The most depressing conclusion to come out of the latest climate reports is that we’ve already passed the “tipping point” of being able to prevent long-term damage from global warming. Instead, we now are faced with changes that are beyond our ability to prevent. The best we can do is lessen the impact...and that’s provided governments and private businesses around the world actually agree to do anything.
“But what can I do about it?” you may be asking yourself.
The honest answer is nothing—unless you are willing to take the time and effort to change the national conversation from denial to acceptance, from reaction to proaction. This can be as simple as writing your congressman or posting on Facebook, on up to joining like-minded groups who are reaching out to private businesses to do what the climate-change deniers in government are unwilling to do.
Which is where we can help, with a bit of that old fashioned “science” and “facts”, the very things that either get ignored or outright demonized by the denialists. Thanks to the hardworking folks at PBS’ excellent news program “Moyers & Company”, we’re able to give you some facts to help clean up the most common misconceptions (or outright lies) spread by the climate change denialists.
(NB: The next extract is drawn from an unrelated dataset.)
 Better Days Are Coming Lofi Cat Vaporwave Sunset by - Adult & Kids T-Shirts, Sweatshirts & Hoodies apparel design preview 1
• The first denial is all too common: “The Earth has actually cooled down since 1998.” This claim, often backed up by misleading charts and diagrams that confuse weather with climate (a distinction that nearly all denialists are incapable of understanding), was popularized by a British man by the name of Christopher Monckton. Monckton very carefully cherry-picked data to support his argument, and conveniently left out all data that he did not agree with. To whit, he looked for the warmest day of the warmest year in the 20th Century and then tried to use that as a baseline.
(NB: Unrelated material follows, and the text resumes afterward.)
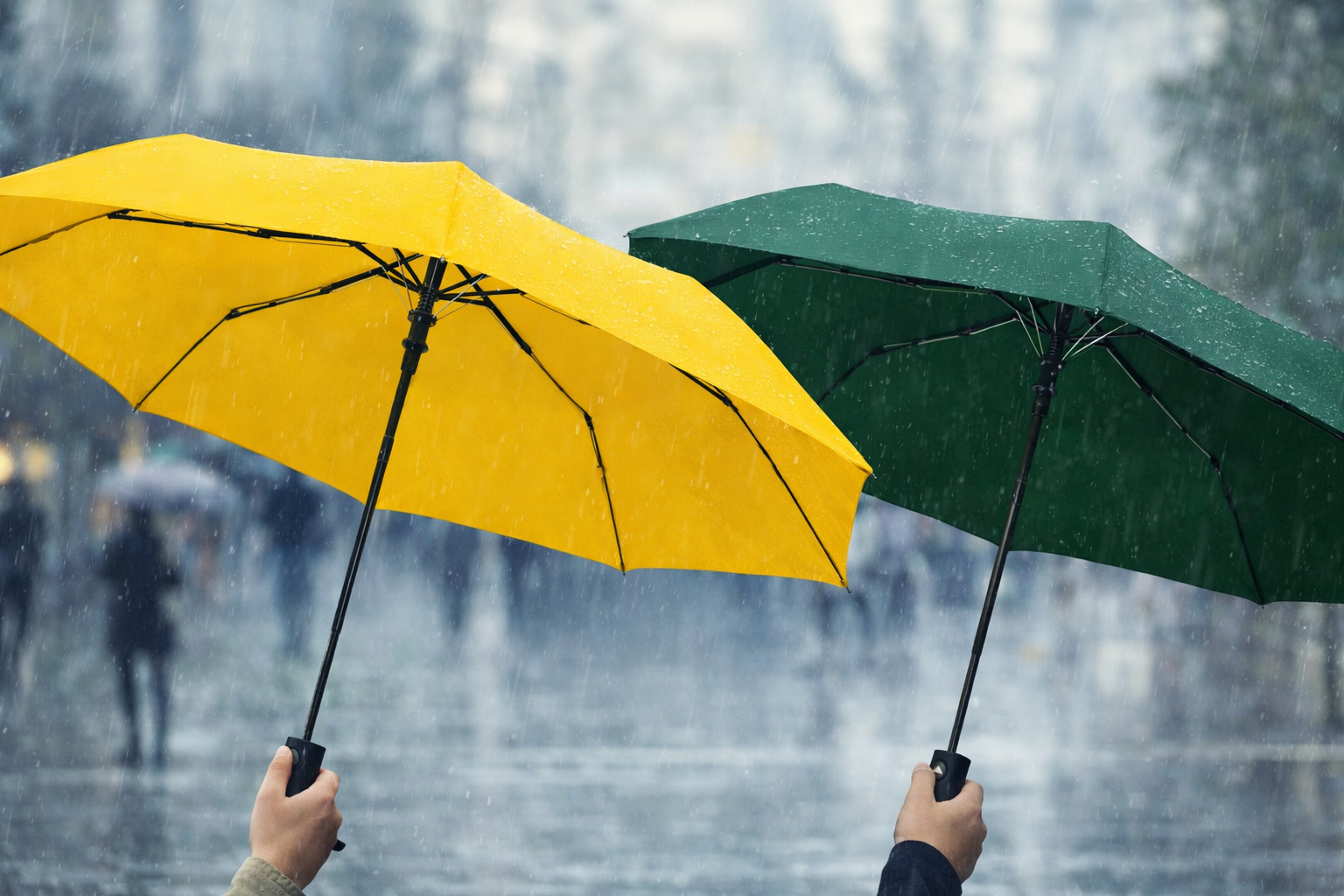 Парасоля складна Lido TM Discover жовта та зелена під дощем у місті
There’s also the slight problem that he claimed to be a member of the House of Lords when in fact he was not. It took a cease-and-desist order from Parliament to finally get him to stop. Not what one would consider a very honest person.
• The second denial uses the classic, “We doubt anyone will really check on the agency we’re criticizing” method of misdirection. Denialists love to share how the projected rates of global warming from the Intergovernmental Panel on Climate Change (IPCC) did not, in fact, match up. The first IPCC model projected the planetary temperature would increase at a rate of 3.5 degrees Celsius per century, when in fact the current readings show a warming rate of 1.4 degrees.
To most denialists, this is their favorite “gotcha!” moment, as if this somehow disproves all the science. The problem here is the misunderstanding between “projection” and “prediction”.
The IPCC tries to correlate a massive amount of data from all over the world to create a baseline projection, which is the scientific version of the (very) “educated guess”. It is not a prediction, as the IPCC does not employ psychics or soothsayers.
Furthermore, skeptics are trying to force very shortterm change data from the past decade or so into a century-long model. That would be the equivalent of using the rainiest day of one year to “disprove” a decade-long projection on drought. It’s basically the same tactic Monckton uses, and about as honest.
• The third rung on the ladder of denial is an attack on temperature readings. Anthony Watts, a former television weatherman and very vocal denialist for the Heartland Institute, is the most prominent source cited for this claim.
Back in 2009, he claimed that 90 percent of all weather stations that are relied upon to monitor temperature were placed in areas that artificially influenced their readings. He further claimed that researchers placed these stations next to heat sources. He was essentially trying to convince people that scientists are stupid.
The main problem with Watts’ claim (aside from the fact that scientists are not stupid) is that it is completely and utterly false. Check the peer-reviewed literature: Temperature readings are coming from all over the planet, urban areas, suburban areas, rural areas, weather balloons, satellite measurements and sea and ocean readings.
When all the data is collected and analyzed, the few outliers (in both directions) are removed to reach a common deduction. And that deduction is clear: The planet is warming up and continuing to warm up.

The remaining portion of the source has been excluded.